There is a certain cachet to being young and dirt poor — maybe a certain kind of young and poor, in a specific place. In San Francisco, I skateboarded to work and defied death by riding on my boyfriend’s bike handlebars on our way to meet people in scuzzy bars in the Mission. We drank beer in cans while playing Halo until 2 a.m. and woke up at 5 a.m. to surf before going to work at nine. It was crazy and it was heaven, mainly because at the time it seemed so fleeting.

Someday we’d be grown up, and this would be gone, and we lived our nostalgia as it was happening. Relative poverty was…awesome. Living off beans and rice for a week ruled. It didn’t matter that so much of life was fraught with anxiety and we ran around the tollbooths to cross the Bay Bridge hunting for dropped quarters so we could pay the fare. The day would come where we wouldn’t have to worry about stupid shit like this, and it was coming way too soon.
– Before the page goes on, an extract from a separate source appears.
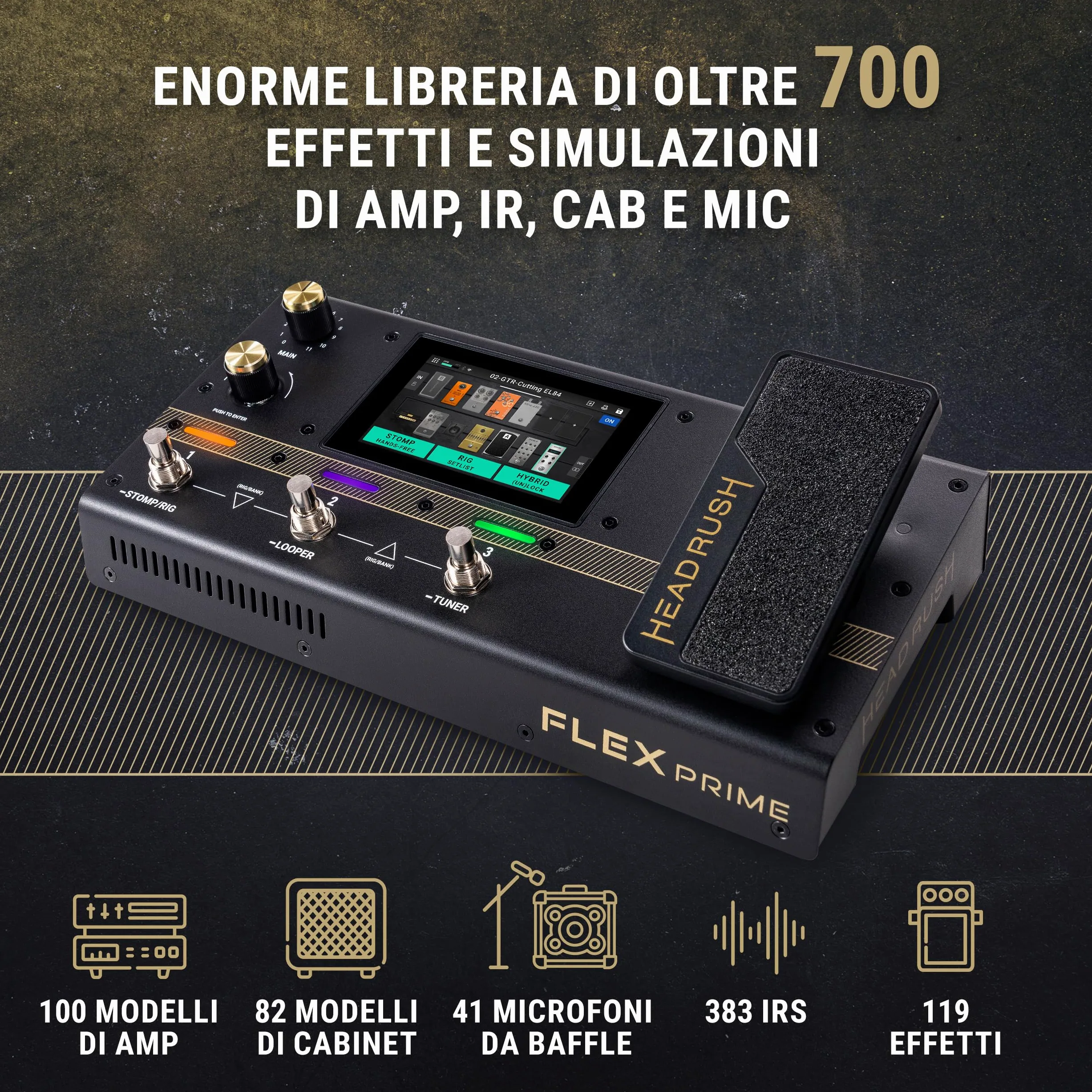 HeadRush Flex Prime - Pedaliera Multieffetto e Amp Modeler per Chitarra e Basso con Touchscreen, Looper, Wi-Fi, Bluetooth, IR Loader, USB, lezioni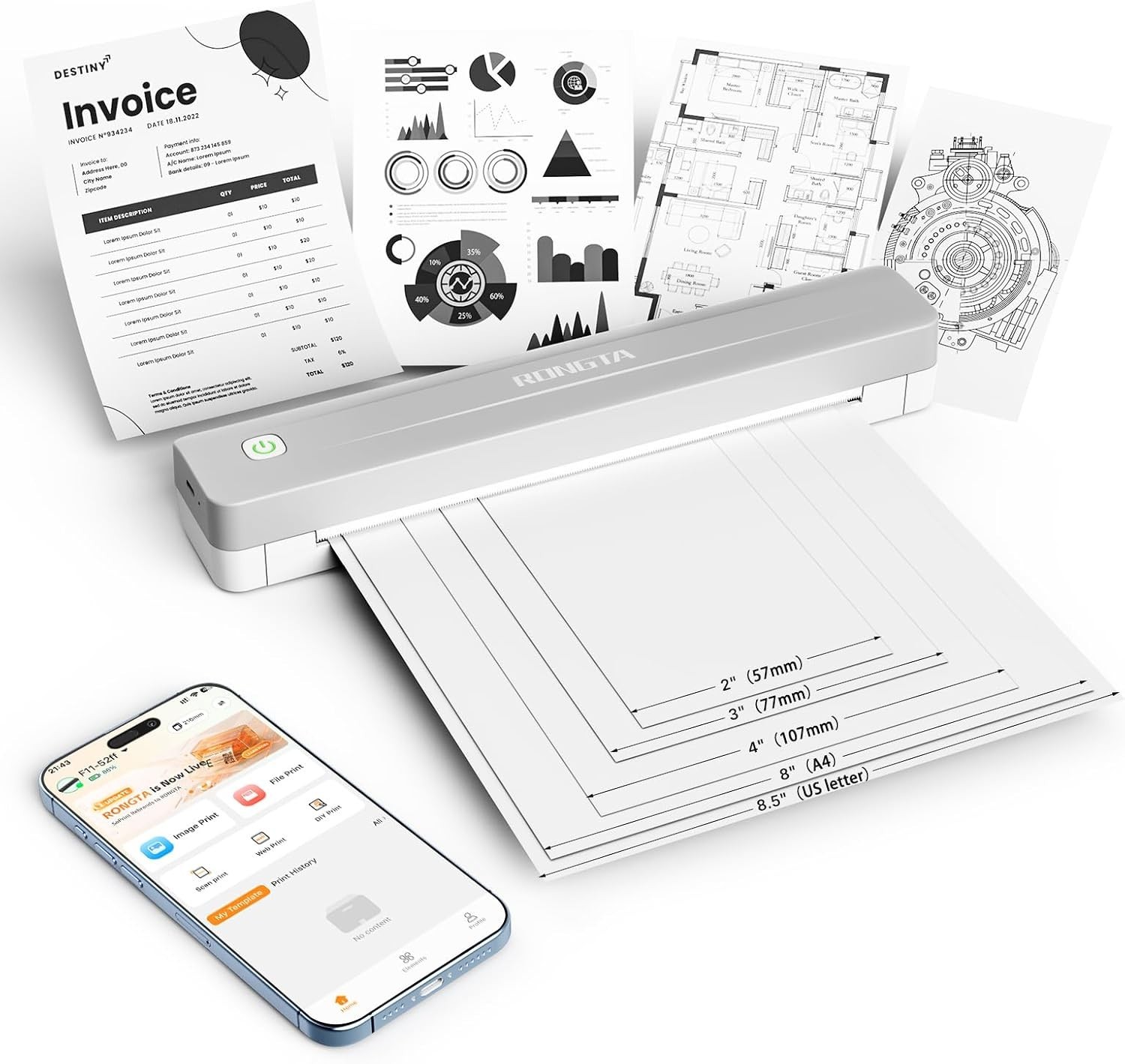 Rongta Portable Wireless Inkless Thermal Printer, Bluetooth, WiFi, USB, 8.5"x11"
And then it happened, and nothing changed but the important part: It stopped being so much fun. That’s the illusion that making a lot of money gives you. It’s a spell — if it buys you nothing else, money will buy you peace of mind. But it is as that revered North American poet Biggie Smalls said: “Mo money, mo problems.” Or maybe the same amount of problems, only they look different once you realize they’re never going away.

Adrienne So lives in Portland, Oregon and writes about beer and gear for money. When not watching YouTube videos of dancing baby pygmy goats, she can usually be found mountain biking or combating slug armies in her garden.